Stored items
:::::

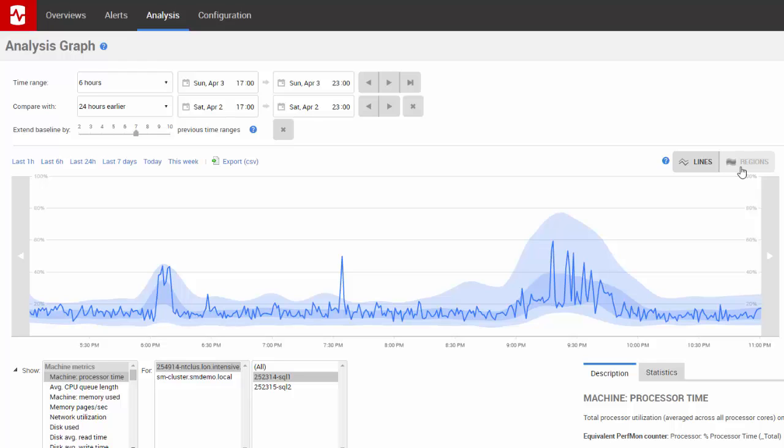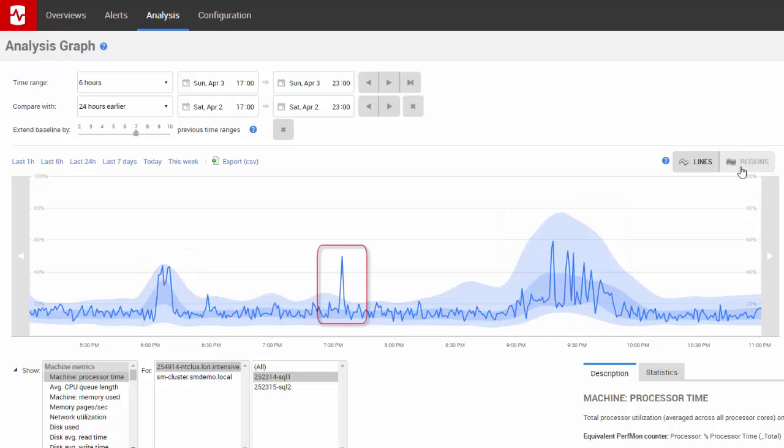You can see that the spikes at around 6 p.m. and 9.30 p.m. are within the normal range, whereas the spike at around 7.30 p.m. is not.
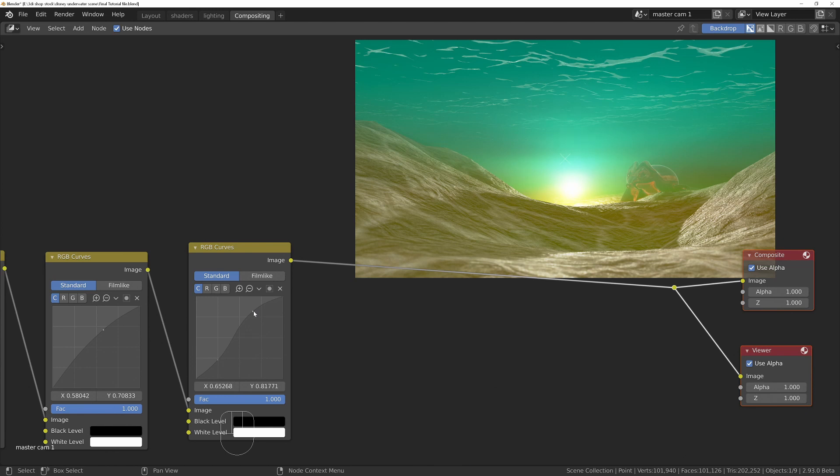That's also bringing out the saturation on the colors as well. Just tweak that until you're happy.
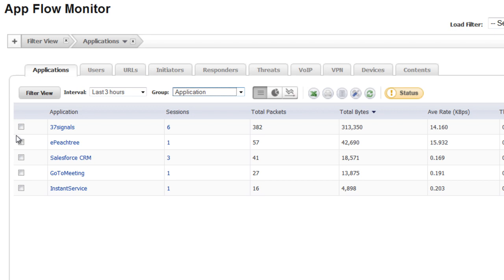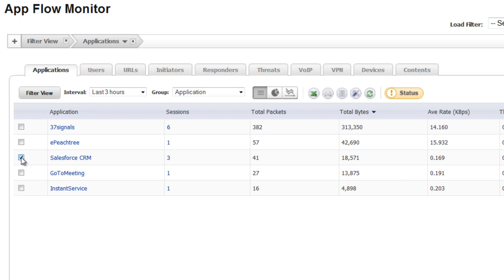So we could take these applications and, once again, build policies around them so that, for example, all of our users have as much bandwidth and internet access available to run the Salesforce application.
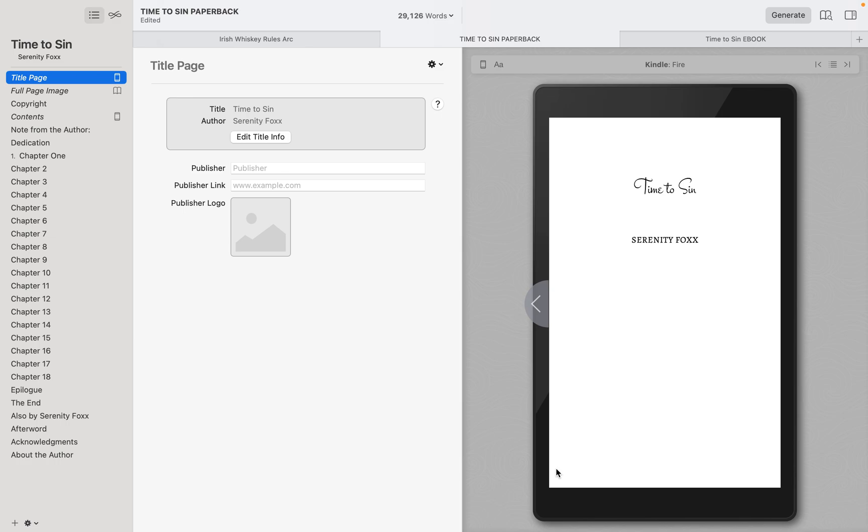I'm going to show you what I did for Serenity Fox's Time to Send. I did this 90% manually using some workarounds in Vellum, and I'm going to show you how to do that.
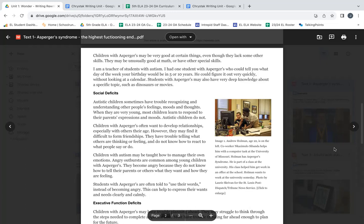Children with autism may be taught how to manage their own emotions. Angry outbursts are common among young children with Asperger's. They become angry because they do not know how to tell their parents or others what they want and how they are feeling. Students with Asperger's are often told to use their words instead of becoming angry. This can help to express their wants and needs clearly and calmly.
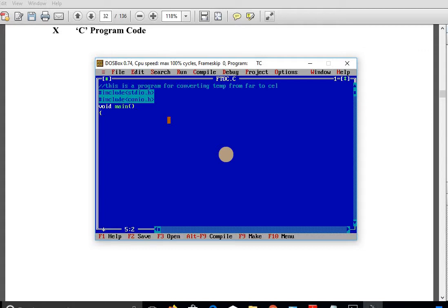After void main(), open a curly bracket. We need to use a data type suitable for temperature, which is a fractional number, so we use float. Note that 'far' appears in white color — it is a keyword — so we cannot use 'far' as a variable name. Instead we use 'f' for the Fahrenheit temperature, comma, 'cel' for Celsius.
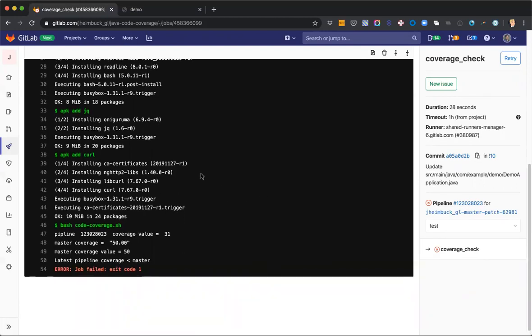I'll link this project and the blog post that I mentioned about getting coverage published over into GitLab pages in the video notes below. Hope you enjoyed this quick demo. Thanks. Bye.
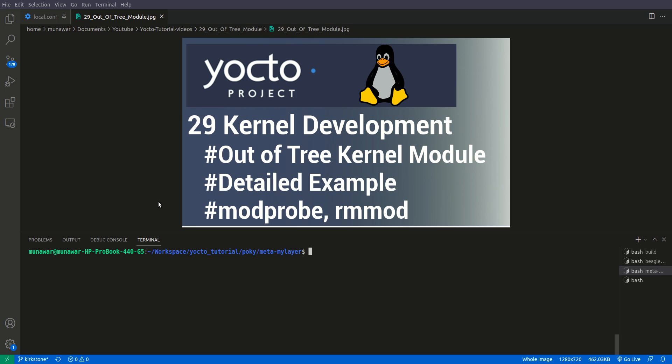Hello and welcome to another video of Yocto tutorial series. In this video we're going to learn about kernel development. We're going to cover out-of-tree kernel modules, what they are, then we'll see a detailed example.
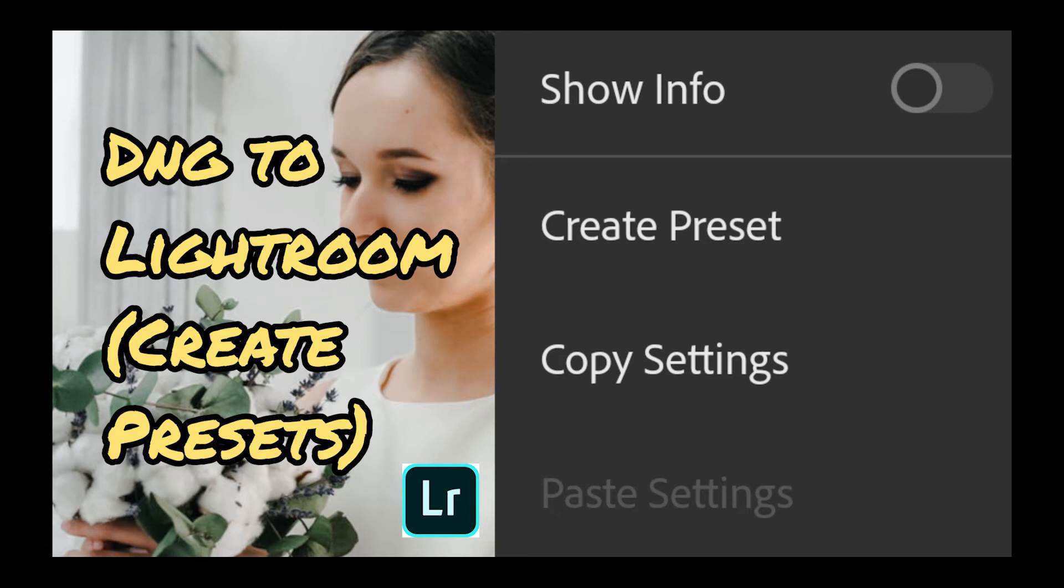Welcome back! In this video, I will teach you how to make presets from DNG files in Lightroom Mobile.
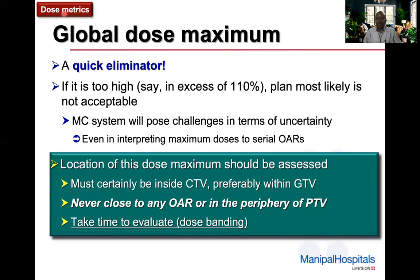The evaluation starts by looking at different dose metrics. First, I look at the global dose maximum, because it happens to be a quick eliminator. If it is too high — say in excess of 110% — then the plan most likely is not going to be acceptable.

:::::

Problem description
Please transcribe, word for word, every line from the first line of the records above through the line containing "Welcome back! In", and leave out any pictures.

Written response
You can see that the spikes at around 6 p.m. and 9.30 p.m. are within the normal range, whereas the spike at around 7.30 p.m. is not.
That's also bringing out the saturation on the colors as well. Just tweak that until you're happy.
So we could take these applications and, once again, build policies around them so that, for example, all of our users have as much bandwidth and internet access available to run the Salesforce application.
I'm going to show you what I did for Serenity Fox's Time to Send. I did this 90% manually using some workarounds in Vellum, and I'm going to show you how to do that.
Children with autism may be taught how to manage their own emotions. Angry outbursts are common among young children with Asperger's. They become angry because they do not know how to tell their parents or others what they want and how they are feeling. Students with Asperger's are often told to use their words instead of becoming angry. This can help to express their wants and needs clearly and calmly.
After void main(), open a curly bracket. We need to use a data type suitable for temperature, which is a fractional number, so we use float. Note that 'far' appears in white color — it is a keyword — so we cannot use 'far' as a variable name. Instead we use 'f' for the Fahrenheit temperature, comma, 'cel' for Celsius.
I'll link this project and the blog post that I mentioned about getting coverage published over into GitLab pages in the video notes below. Hope you enjoyed this quick demo. Thanks. Bye.
Hello and welcome to another video of Yocto tutorial series. In this video we're going to learn about kernel development. We're going to cover out-of-tree kernel modules, what they are, then we'll see a detailed example.
Welcome back! In this video, I will teach you how to make presets from DNG files in Lightroom Mobile.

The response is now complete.